(Data listing Opens)

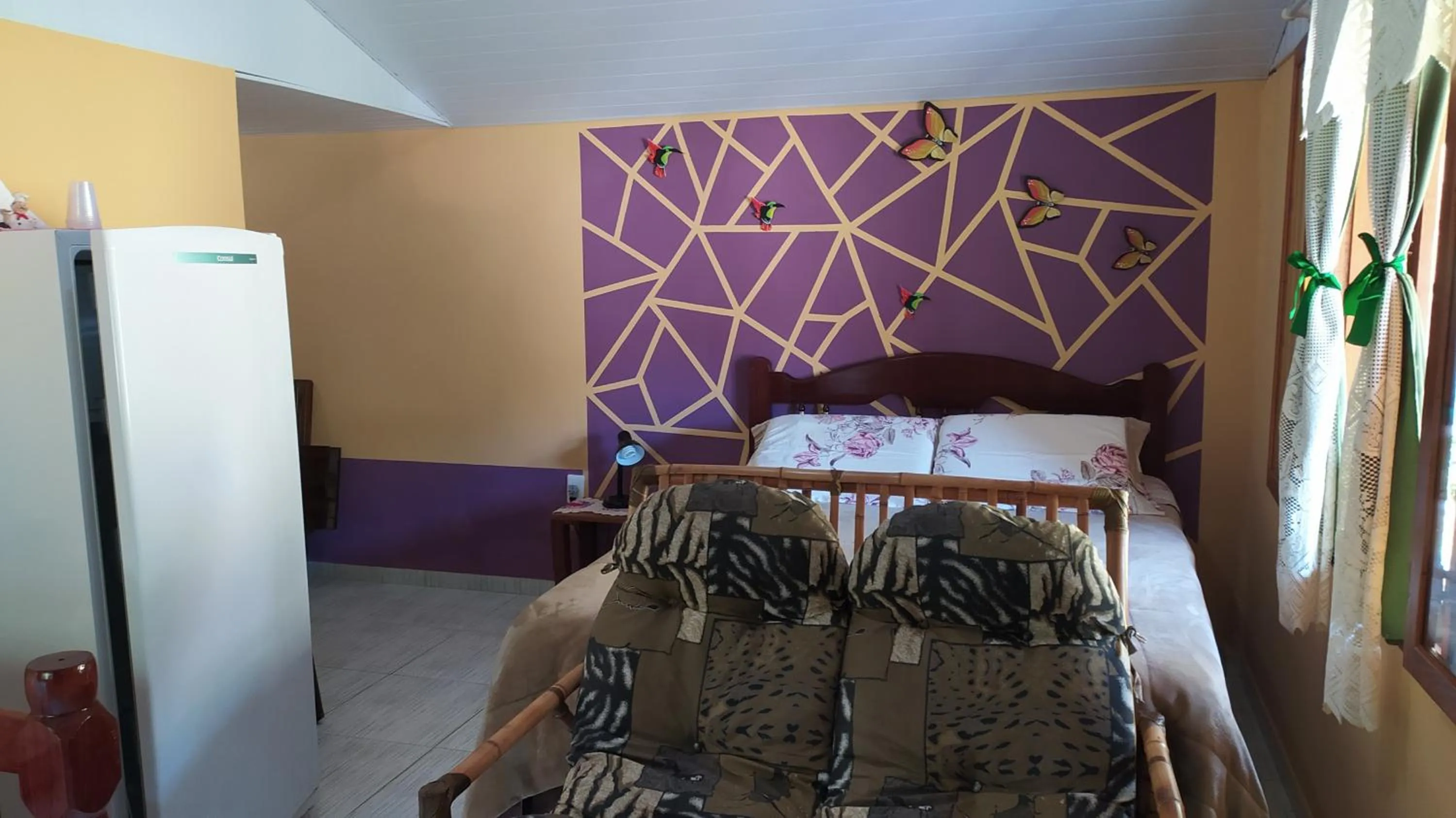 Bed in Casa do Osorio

(Data listing Closes)
(Data listing Opens)

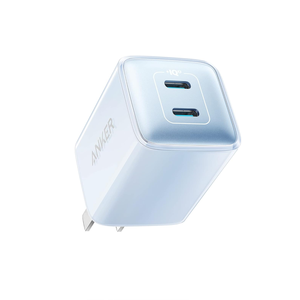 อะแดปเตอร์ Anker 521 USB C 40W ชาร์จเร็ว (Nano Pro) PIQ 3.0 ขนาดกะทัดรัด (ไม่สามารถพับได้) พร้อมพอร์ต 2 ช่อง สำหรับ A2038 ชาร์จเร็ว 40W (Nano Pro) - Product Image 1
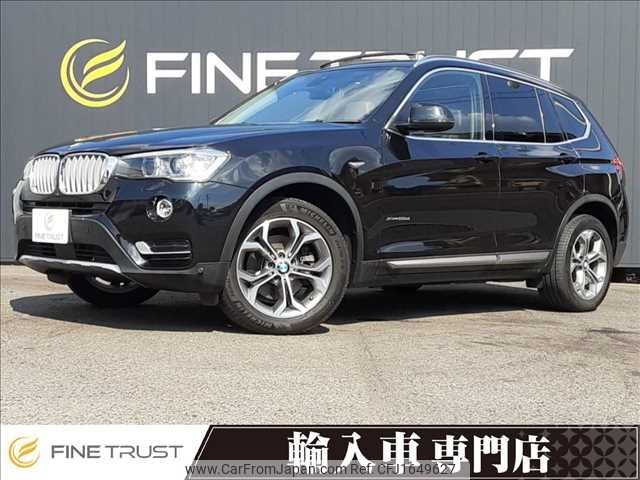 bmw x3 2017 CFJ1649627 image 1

(Data listing Closes)

- **Task requirements**:
Beginning with the line that contains "อะแดปเตอร์ Anker 521" and ending with the line that contains "bmw x3 2017 CFJ1649627 image 1", reproduce the listing exactly, pictures excluded.

- **Response box**:
 อะแดปเตอร์ Anker 521 USB C 40W ชาร์จเร็ว (Nano Pro) PIQ 3.0 ขนาดกะทัดรัด (ไม่สามารถพับได้) พร้อมพอร์ต 2 ช่อง สำหรับ A2038 ชาร์จเร็ว 40W (Nano Pro) - Product Image 1
 bmw x3 2017 CFJ1649627 image 1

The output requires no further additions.